Dopo la proiezione del commovente video dell’Homeland Concert tenutosi a Cesarea il 18 dicembre, con 1000 musicisti e cantanti chiedevano in musica il ritorno degli ostaggi, si è entrati nel vivo della serata, condotta da Christian Rocca, direttore de L’Inkiesta.

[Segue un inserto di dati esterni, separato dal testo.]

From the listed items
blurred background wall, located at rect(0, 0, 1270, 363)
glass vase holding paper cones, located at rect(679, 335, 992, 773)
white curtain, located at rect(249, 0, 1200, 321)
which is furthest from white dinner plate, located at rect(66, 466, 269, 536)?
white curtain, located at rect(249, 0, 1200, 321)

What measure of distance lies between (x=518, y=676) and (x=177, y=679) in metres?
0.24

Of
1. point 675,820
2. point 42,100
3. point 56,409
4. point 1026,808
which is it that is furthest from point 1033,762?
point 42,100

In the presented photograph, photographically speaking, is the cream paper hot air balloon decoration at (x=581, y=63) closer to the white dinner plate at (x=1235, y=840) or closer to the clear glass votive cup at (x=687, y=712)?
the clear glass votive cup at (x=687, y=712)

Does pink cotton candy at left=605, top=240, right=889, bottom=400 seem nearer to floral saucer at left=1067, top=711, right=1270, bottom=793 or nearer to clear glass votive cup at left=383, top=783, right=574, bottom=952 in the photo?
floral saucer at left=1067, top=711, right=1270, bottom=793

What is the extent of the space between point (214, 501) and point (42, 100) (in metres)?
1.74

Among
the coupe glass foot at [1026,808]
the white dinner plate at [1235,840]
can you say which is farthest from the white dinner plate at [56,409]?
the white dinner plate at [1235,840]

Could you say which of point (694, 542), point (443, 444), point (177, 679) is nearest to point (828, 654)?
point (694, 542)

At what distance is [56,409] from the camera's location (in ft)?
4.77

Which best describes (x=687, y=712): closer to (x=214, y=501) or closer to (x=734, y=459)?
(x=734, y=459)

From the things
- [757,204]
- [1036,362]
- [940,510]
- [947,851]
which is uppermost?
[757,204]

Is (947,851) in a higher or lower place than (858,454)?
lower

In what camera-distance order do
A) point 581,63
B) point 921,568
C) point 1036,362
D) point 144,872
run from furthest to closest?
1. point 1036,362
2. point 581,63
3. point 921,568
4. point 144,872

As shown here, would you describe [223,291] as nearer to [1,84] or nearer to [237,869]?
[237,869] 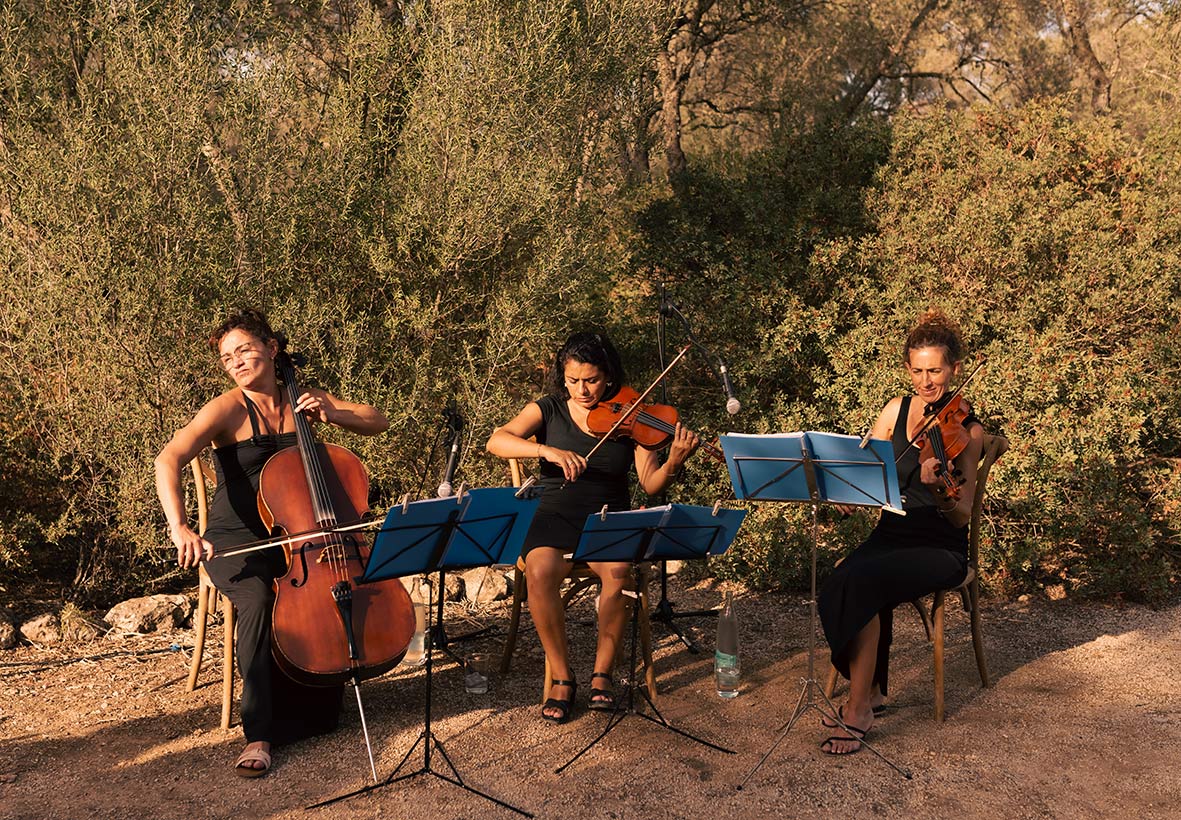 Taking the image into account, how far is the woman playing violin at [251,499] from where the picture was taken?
378 centimetres

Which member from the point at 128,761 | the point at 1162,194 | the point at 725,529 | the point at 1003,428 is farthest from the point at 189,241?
the point at 1162,194

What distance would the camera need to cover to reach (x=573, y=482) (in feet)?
15.0

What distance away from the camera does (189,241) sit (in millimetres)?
5277

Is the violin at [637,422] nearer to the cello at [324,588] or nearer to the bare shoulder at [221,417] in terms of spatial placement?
the cello at [324,588]

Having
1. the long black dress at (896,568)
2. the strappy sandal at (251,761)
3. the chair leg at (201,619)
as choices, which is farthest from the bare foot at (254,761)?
the long black dress at (896,568)

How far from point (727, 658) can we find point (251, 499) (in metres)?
2.01

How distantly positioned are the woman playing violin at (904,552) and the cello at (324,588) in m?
1.60

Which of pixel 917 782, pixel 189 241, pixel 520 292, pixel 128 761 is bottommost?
pixel 917 782

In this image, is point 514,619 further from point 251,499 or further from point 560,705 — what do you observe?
point 251,499

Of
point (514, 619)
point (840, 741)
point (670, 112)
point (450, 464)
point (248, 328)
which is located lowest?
point (840, 741)

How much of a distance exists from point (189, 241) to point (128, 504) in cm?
137

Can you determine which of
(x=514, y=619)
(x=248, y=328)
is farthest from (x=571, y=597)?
(x=248, y=328)

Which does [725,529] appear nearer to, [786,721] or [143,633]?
[786,721]

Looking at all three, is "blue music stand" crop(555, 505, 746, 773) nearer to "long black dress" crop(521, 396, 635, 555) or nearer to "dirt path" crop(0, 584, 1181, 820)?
"dirt path" crop(0, 584, 1181, 820) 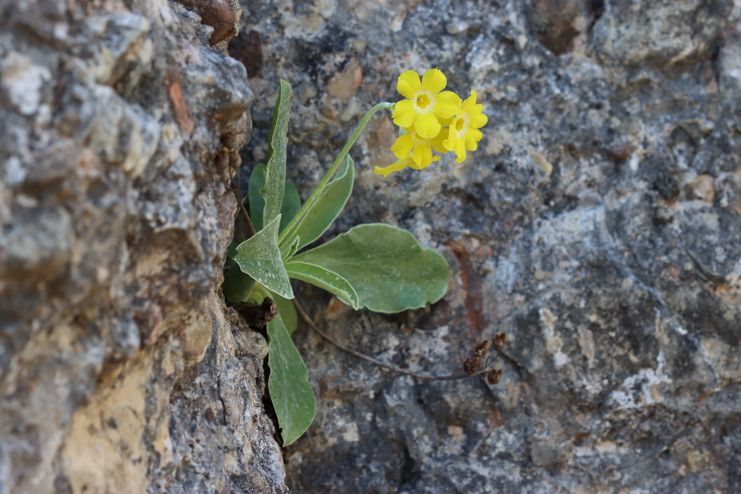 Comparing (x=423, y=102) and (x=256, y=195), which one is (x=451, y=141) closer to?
(x=423, y=102)

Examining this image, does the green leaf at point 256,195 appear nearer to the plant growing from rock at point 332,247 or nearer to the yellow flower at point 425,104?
the plant growing from rock at point 332,247

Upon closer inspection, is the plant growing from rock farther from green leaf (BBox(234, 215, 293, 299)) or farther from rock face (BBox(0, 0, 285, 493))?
rock face (BBox(0, 0, 285, 493))

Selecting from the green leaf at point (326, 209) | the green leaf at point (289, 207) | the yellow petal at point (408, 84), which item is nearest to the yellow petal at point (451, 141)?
the yellow petal at point (408, 84)

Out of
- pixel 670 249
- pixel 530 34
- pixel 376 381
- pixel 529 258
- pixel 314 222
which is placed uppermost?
pixel 530 34

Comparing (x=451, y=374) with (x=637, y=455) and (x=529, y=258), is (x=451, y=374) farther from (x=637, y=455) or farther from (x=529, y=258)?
(x=637, y=455)

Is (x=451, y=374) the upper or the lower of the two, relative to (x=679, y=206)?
lower

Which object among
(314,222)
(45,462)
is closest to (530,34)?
(314,222)

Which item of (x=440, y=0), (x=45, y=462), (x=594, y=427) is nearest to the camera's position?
(x=45, y=462) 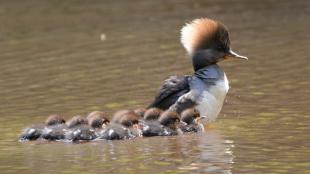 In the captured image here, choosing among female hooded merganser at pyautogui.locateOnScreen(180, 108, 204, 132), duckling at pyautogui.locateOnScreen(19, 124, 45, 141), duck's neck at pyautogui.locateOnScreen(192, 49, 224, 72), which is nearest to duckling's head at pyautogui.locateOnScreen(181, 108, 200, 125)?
female hooded merganser at pyautogui.locateOnScreen(180, 108, 204, 132)

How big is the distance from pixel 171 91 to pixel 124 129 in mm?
804

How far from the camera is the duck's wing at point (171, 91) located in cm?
953

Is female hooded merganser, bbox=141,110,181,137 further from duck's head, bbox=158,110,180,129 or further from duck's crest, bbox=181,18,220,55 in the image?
duck's crest, bbox=181,18,220,55

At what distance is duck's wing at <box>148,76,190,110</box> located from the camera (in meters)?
9.53

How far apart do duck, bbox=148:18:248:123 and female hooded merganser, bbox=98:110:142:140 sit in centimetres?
64

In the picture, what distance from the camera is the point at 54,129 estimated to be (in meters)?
9.08

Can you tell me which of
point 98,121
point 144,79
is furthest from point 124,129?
point 144,79

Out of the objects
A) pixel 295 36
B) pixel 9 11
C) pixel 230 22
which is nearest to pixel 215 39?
pixel 295 36

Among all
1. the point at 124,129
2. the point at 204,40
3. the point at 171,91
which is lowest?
the point at 124,129

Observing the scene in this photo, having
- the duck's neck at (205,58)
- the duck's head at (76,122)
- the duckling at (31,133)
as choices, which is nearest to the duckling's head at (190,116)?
the duck's neck at (205,58)

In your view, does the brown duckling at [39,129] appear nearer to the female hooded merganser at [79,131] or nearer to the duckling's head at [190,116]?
the female hooded merganser at [79,131]

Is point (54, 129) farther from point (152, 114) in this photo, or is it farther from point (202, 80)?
point (202, 80)

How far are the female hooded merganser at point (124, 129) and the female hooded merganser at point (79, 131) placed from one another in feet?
0.33

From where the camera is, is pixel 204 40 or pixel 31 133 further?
pixel 204 40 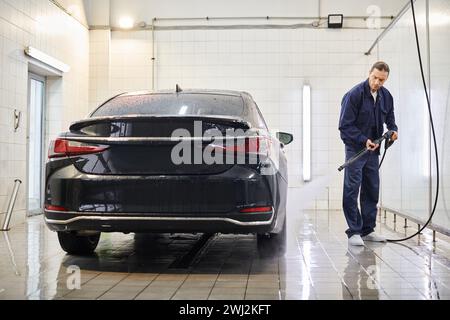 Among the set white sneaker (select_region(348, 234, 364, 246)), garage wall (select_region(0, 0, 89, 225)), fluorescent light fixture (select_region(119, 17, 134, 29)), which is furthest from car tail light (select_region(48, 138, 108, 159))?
fluorescent light fixture (select_region(119, 17, 134, 29))

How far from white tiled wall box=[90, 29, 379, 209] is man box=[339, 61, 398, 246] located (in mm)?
3893

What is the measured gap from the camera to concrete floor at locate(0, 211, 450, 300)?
2658 millimetres

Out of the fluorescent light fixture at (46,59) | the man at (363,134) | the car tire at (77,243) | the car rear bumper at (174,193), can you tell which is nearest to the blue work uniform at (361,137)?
the man at (363,134)

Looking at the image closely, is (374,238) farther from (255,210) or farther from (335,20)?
(335,20)

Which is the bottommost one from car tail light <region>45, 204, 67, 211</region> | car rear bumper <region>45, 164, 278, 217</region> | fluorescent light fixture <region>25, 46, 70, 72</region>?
car tail light <region>45, 204, 67, 211</region>

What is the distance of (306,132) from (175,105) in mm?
5226

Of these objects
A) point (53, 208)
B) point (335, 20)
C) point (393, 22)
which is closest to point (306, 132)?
point (335, 20)

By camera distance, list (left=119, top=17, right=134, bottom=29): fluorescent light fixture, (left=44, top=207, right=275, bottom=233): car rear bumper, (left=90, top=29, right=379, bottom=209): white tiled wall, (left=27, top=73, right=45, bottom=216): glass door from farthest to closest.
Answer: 1. (left=119, top=17, right=134, bottom=29): fluorescent light fixture
2. (left=90, top=29, right=379, bottom=209): white tiled wall
3. (left=27, top=73, right=45, bottom=216): glass door
4. (left=44, top=207, right=275, bottom=233): car rear bumper

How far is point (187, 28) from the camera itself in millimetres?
8492

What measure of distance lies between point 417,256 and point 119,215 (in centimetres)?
239

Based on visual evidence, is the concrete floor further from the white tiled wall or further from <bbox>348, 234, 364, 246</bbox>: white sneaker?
the white tiled wall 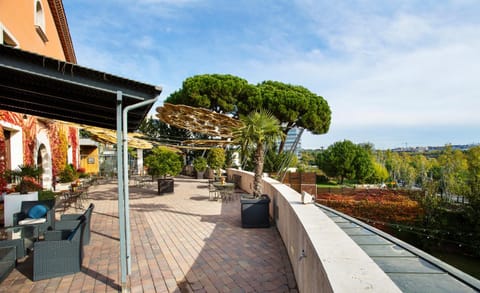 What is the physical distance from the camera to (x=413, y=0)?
6449 millimetres

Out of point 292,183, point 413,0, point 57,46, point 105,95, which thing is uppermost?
point 57,46

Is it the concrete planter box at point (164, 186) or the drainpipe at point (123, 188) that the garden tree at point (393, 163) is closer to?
the concrete planter box at point (164, 186)

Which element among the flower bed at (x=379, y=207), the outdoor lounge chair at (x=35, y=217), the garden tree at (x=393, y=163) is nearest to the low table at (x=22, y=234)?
the outdoor lounge chair at (x=35, y=217)

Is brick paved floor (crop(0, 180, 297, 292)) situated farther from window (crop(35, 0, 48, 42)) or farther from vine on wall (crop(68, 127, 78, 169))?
vine on wall (crop(68, 127, 78, 169))

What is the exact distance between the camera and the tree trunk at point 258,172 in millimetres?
6077

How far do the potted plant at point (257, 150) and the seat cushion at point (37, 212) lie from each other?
3671 mm

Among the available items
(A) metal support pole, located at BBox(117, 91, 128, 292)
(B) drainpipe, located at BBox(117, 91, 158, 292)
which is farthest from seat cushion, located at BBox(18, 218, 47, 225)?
(A) metal support pole, located at BBox(117, 91, 128, 292)

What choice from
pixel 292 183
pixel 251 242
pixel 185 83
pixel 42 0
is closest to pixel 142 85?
pixel 251 242

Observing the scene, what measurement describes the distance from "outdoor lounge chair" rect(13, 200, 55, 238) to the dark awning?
1.85 meters

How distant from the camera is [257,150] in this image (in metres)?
6.49

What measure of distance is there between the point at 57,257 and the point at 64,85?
213cm

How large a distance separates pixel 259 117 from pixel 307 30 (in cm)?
812

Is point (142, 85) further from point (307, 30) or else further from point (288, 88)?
point (288, 88)

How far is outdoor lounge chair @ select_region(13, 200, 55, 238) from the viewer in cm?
416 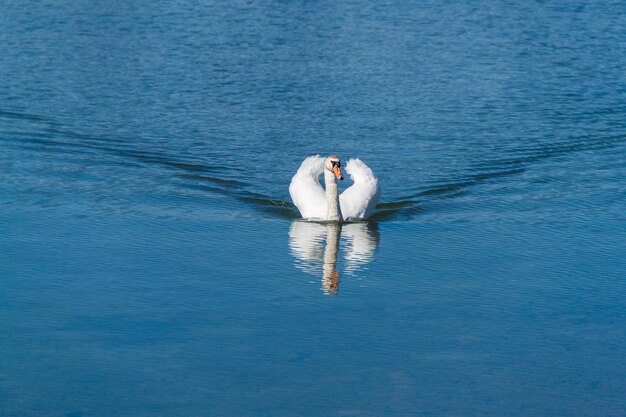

«Nella narrazione surreale di questo conflitto, gonfia di un antisemitismo militante che in occidente non si avvertiva da un secolo, c’è una sovrapposizione di due piani di racconto, che dovrebbero invece essere distinti – ha esordito Rocca -: quello delle critiche al governo Netanyahu, motivate dalla disperazione per le migliaia di morti, e quello della messa in discussione dell’esistenza, incolumità e legittimità di Israele a esistere. Tutto questo è inaccettabile: criticare un governo è legittimo, ma confondere la critica con il diritto all’esistenza di uno stato democratico e popolo libero è inaccettabile».

 

Neuer: L’Onu e la verità sull’ “esperta” Francesca Albanese. “Finanziando l’Unrwa, l’occidente perpetua la guerra”

«Quando entro in una stanza negli uffici dell’Onu a Ginevra ho un’accoglienza molto più tiepida», ha esordito Hillel Neuer, direttore esecutivo di Un Watch, considerato uno dei principali sostenitori dei diritti umani nel mondo, nominato dal quotidiano israeliano Ma’ariv uno dei “100 ebrei più influenti del mondo” e definito dal Journal de Montreal “colui che fa tremare l’Onu”. Nel suo interessante e illuminante intervento, Neuer ha fatto conoscere le dinamiche dell’Onu verso Israele e in conflitto israelo-palestinese.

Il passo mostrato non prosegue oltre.